Regardez d’abord autour de vous
À remarquer
- L’unique bâtiment construit
- La façade principale
- La grande salle centrale
L’histoire du lieu
Derrière la façade principale, une seule partie du vaste projet a subsisté : l’architecte avait prévu quatre ailes et deux cours intérieures, mais les fonds ne suffirent pas pour l’ensemble. Le bâtiment ressemble donc à un palais achevé, bien qu’en son centre ait été aménagée une immense salle destinée aux fêtes populaires. Des visiteurs y sont arrivés plus tard, et l’on recueille désormais entre ces murs des objets et des témoignages sur la vie quotidienne en Suède et dans les autres pays nordiques. Les collections conservent aussi le premier objet de la collection, une jupe en laine tissée à la main provenant de Dalécarlie.
Le vingt-quatre octobre mille huit cent quatre-vingt-huit, Artur Hazelius, ancien instituteur et collectionneur d’objets de la vie populaire, prit ici une pelle et donna le premier coup. Les plans définitifs du futur musée n’existaient pas encore. Le roi Oscar II avait attribué au fonds un terrain à Djurgården à condition que la construction commence dans les cinq ans. Le délai arrivait à son terme, et ce travail symbolique à la pelle permit de conserver le terrain.
Artur et sa femme Sofie avaient commencé leur collection seize ans plus tôt. Il avait déjà quitté l’enseignement et vivait des revenus de son activité d’écrivain indépendant ; elle traduisait de l’anglais, et les époux prenaient des pensionnaires. Sofie était la seule aide d’Artur dans cette nouvelle entreprise. Dans leur appartement s’accumulaient des coiffes paysannes, des coffres, des vêtements et des outils. L’achat d’une nouvelle rareté absorbait parfois l’argent mis de côté pour une redingote neuve ou un manteau d’hiver.
Les époux ouvrirent leur première exposition dans un local loué, sous le nom de « Collection scandinave ethnographique ». Quelques mois plus tard, Sofie mourut de fièvre puerpérale après la naissance de leur fils. Artur se retrouva seul avec un nourrisson et poursuivit leur œuvre commune. La collection grandit, les pièces devinrent trop étroites et, en mille huit cent quatre-vingts, Hazelius remit la collection à la fondation qu’il avait créée pour le peuple suédois. Le nom actuel apparut alors. L’inscription suédoise sur la façade signifie « Musée nordique » : les statuts prescrivaient de préserver la mémoire de la vie des Suédois et des peuples nordiques qui leur sont apparentés.
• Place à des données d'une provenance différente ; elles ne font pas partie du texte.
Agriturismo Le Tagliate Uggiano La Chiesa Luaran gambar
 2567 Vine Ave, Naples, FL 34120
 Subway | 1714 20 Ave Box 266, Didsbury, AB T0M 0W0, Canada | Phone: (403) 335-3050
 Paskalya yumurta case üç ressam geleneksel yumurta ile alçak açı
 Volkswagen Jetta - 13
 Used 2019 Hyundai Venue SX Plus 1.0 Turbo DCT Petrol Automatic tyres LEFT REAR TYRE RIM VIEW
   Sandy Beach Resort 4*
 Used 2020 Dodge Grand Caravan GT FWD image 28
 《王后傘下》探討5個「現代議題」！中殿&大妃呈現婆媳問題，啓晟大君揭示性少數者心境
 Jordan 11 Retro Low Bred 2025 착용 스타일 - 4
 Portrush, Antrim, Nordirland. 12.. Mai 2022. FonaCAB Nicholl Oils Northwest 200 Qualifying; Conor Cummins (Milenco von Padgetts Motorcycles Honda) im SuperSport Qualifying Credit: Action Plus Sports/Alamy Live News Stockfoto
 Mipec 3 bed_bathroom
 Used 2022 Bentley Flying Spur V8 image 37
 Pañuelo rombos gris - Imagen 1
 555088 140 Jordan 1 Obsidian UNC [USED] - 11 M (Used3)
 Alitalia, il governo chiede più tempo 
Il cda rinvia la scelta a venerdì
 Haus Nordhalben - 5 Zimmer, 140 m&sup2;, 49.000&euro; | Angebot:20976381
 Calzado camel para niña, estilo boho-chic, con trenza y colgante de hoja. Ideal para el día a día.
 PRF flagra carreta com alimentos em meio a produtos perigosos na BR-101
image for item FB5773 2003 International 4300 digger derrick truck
L’architecte Isak Gustaf Clason imagina pour la fondation une forteresse à quatre ailes et deux cours intérieures. Les dons ne suffirent pas à financer l’ensemble du projet et, après l’Exposition industrielle de Stockholm, les limites du terrain changèrent. Trois ailes restèrent sur le papier. On construisit un bâtiment avec une immense salle, initialement destinée aux fêtes populaires. C’est précisément cet unique bâtiment qui ressemble aujourd’hui à un palais achevé.
Artur Hazelius mourut en mille neuf cent un, alors que les travaux se poursuivaient encore ici. Les premiers visiteurs n’entrèrent dans le musée que six ans plus tard. Le bâtiment a servi de musée dès l’origine ; on y recueille toujours des objets et des récits sur la vie quotidienne en Suède et dans les autres pays nordiques. Les collections conservent aussi l’objet portant le numéro un : une jupe en laine tissée à la main, qu’Artur et Sofie achetèrent lors d’un voyage en Dalécarlie en mille huit cent soixante-douze.
Sur place
Tous les jours 10:00–17:00 ; de septembre à mai, les mercredis 10:00–20:00. Certaines zones pour enfants et expositions temporaires peuvent avoir leurs propres horaires.
Vérifié : 29 juin 2026. Vérifiez la source officielle avant votre visite.L’idée principale de cette étape se lit sur la façade sans visiter les expositions. Si vous souhaitez voir les collections et la salle avec Gustave Vasa, prévoyez du temps à part pour le musée et vérifiez à l’avance les conditions d’entrée.